Il y a un certain nombre de raisons pour lesquelles le langage des mathématiques ne fournit pas toujours beaucoup de perspicacité dans une réalité complexe. À un niveau très simple, bon nombre des processus fondamentaux impliqués, comme le choix du consommateur ou le déplacement du bétail, peuvent ne pas se prêter à une formulation mathématique. Le plus préoccupant est que, lorsque l'on tente de formaliser un ensemble d'interactions complexes, les hypothèses peuvent se glisser à l'improviste. Cela est particulièrement vrai lorsqu'un modèle mathématique auparavant utile est vendu au détail pour s'adapter à une nouvelle crise. Il est assez facile dans ces circonstances de se retrouver piégé et même réconforté par un paradigme dominant. Il est regrettable que les hypothèses ancrées dans les structures mathématiques employées ne soient pas toujours évidentes pour le grand public.

Il y a ici le danger que les mathématiques soient utilisées comme un signifiant de pouvoir, comme l'anglais est actuellement utilisé dans plusieurs cultures post-impérialistes. Au moins, sa flexibilité même permet parfois à l’anglais d’échapper au sort de la langue de l’oppresseur en se transformant en un hybride poétique, comme dans certains exemples de littérature postcoloniale. Les mathématiques, cependant, en raison de leur rigidité, sont susceptibles d'être moins tolérantes à une mauvaise application. Aucun phénix n'est susceptible de naître des cendres d'un modèle mathématique mal orienté.

Nous avons la chance d'avoir au moins deux modes d'enquête à notre disposition: l'un qui dépend de la fidélité du mot à son référent, et l'autre qui utilise à l'inverse le gouffre entre un mot et son référent, ainsi qu'entre les mots eux-mêmes. . Mais les deux peuvent échouer, comme ils l'ont fait maintes et maintes fois, face à une catastrophe humaine. C'est lorsqu'une catastrophe survient que nous prenons une conscience aiguë des limites du langage et que nous cherchons à nous cacher derrière un rideau de polémique ou un ensemble d'équations abstrus. C'est dans ces situations que le mot se sépare complètement de son référent, et nie ainsi la logique à la fois poétique et scientifique.
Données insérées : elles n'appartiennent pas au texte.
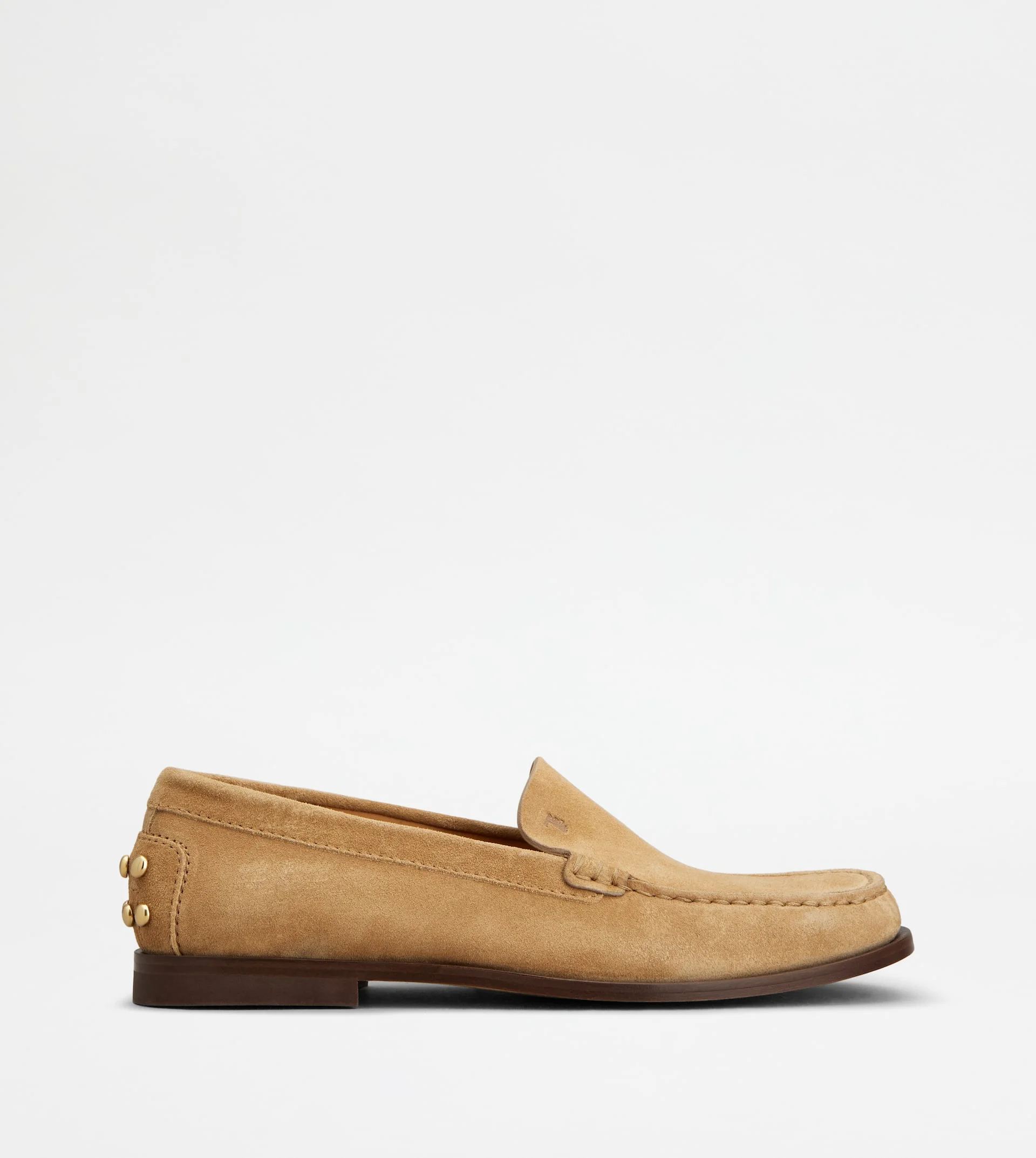 SLIPPER LOAFERS IN SUEDE - BEIGE - 1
Le langage du raisonnement mathématique n'est pas moins beau pour le manque de dissimulation du sens. En essayant de capturer l'essence d'un système à travers un minimum de symboles sans ambiguïté, les scientifiques et les artistes sont animés par un même souci de beauté et de symétrie, une soif similaire de lumière. Ce qui rend les mathématiques spéciales, c'est leur promesse de prophétie, la promesse qu'elles nous aideront à comprendre tous les mystères et toutes les connaissances. Sans une humble conscience de ses limites, de telles prophéties peuvent avoir un anneau très creux.